(Records from a data collection)
####################

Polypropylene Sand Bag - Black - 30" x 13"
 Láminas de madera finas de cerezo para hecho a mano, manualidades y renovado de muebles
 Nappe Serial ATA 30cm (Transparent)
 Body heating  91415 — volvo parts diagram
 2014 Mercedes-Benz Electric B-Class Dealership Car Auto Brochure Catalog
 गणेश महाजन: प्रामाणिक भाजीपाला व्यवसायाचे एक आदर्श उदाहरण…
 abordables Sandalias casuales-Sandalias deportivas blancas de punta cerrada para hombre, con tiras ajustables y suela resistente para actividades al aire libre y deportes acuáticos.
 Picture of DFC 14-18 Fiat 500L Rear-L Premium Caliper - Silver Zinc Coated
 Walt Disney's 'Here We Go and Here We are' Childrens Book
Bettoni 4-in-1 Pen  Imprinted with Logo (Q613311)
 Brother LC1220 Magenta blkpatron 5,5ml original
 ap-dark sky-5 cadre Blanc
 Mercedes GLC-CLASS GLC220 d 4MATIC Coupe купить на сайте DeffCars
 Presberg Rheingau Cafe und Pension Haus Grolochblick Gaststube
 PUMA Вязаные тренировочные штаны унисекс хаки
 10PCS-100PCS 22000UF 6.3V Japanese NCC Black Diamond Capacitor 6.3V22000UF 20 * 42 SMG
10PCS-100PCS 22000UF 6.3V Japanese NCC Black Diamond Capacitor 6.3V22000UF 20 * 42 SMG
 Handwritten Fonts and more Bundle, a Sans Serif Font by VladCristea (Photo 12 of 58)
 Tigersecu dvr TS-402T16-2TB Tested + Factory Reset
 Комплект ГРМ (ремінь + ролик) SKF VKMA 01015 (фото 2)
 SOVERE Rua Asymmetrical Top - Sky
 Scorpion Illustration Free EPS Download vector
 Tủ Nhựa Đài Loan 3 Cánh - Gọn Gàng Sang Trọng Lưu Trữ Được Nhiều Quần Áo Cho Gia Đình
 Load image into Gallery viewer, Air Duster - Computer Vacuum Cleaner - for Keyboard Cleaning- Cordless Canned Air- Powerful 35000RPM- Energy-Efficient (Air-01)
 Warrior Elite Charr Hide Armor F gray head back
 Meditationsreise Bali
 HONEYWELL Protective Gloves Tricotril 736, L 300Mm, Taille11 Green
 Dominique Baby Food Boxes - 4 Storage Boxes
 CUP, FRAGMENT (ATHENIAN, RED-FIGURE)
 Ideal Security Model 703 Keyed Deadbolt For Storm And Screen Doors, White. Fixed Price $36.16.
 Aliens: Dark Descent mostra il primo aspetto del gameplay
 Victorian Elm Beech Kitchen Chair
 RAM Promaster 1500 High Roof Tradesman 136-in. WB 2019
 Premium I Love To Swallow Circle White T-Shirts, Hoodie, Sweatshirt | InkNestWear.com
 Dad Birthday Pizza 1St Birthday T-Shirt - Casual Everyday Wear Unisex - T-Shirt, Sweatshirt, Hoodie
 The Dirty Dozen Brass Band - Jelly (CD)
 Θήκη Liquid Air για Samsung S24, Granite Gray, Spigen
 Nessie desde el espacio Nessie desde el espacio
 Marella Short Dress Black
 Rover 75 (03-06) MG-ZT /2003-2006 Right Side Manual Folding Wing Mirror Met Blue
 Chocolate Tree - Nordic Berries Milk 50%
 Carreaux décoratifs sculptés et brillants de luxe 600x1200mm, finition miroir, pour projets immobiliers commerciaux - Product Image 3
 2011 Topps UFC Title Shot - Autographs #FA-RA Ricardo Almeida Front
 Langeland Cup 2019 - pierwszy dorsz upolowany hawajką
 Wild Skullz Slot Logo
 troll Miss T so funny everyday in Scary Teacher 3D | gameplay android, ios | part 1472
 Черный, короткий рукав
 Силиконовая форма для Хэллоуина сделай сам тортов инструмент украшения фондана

####################

WHAT IS REQUIRED:
Only the lines above starting at the line that holds "abordables Sandalias casuales-Sandalias" and ending at the line that holds "PUMA Вязаные тренировочные" are to be repeated, exactly and in full.

SOLUTION TO THE EXERCISE:
 abordables Sandalias casuales-Sandalias deportivas blancas de punta cerrada para hombre, con tiras ajustables y suela resistente para actividades al aire libre y deportes acuáticos.
 Picture of DFC 14-18 Fiat 500L Rear-L Premium Caliper - Silver Zinc Coated
 Walt Disney's 'Here We Go and Here We are' Childrens Book
Bettoni 4-in-1 Pen  Imprinted with Logo (Q613311)
 Brother LC1220 Magenta blkpatron 5,5ml original
 ap-dark sky-5 cadre Blanc
 Mercedes GLC-CLASS GLC220 d 4MATIC Coupe купить на сайте DeffCars
 Presberg Rheingau Cafe und Pension Haus Grolochblick Gaststube
 PUMA Вязаные тренировочные штаны унисекс хаки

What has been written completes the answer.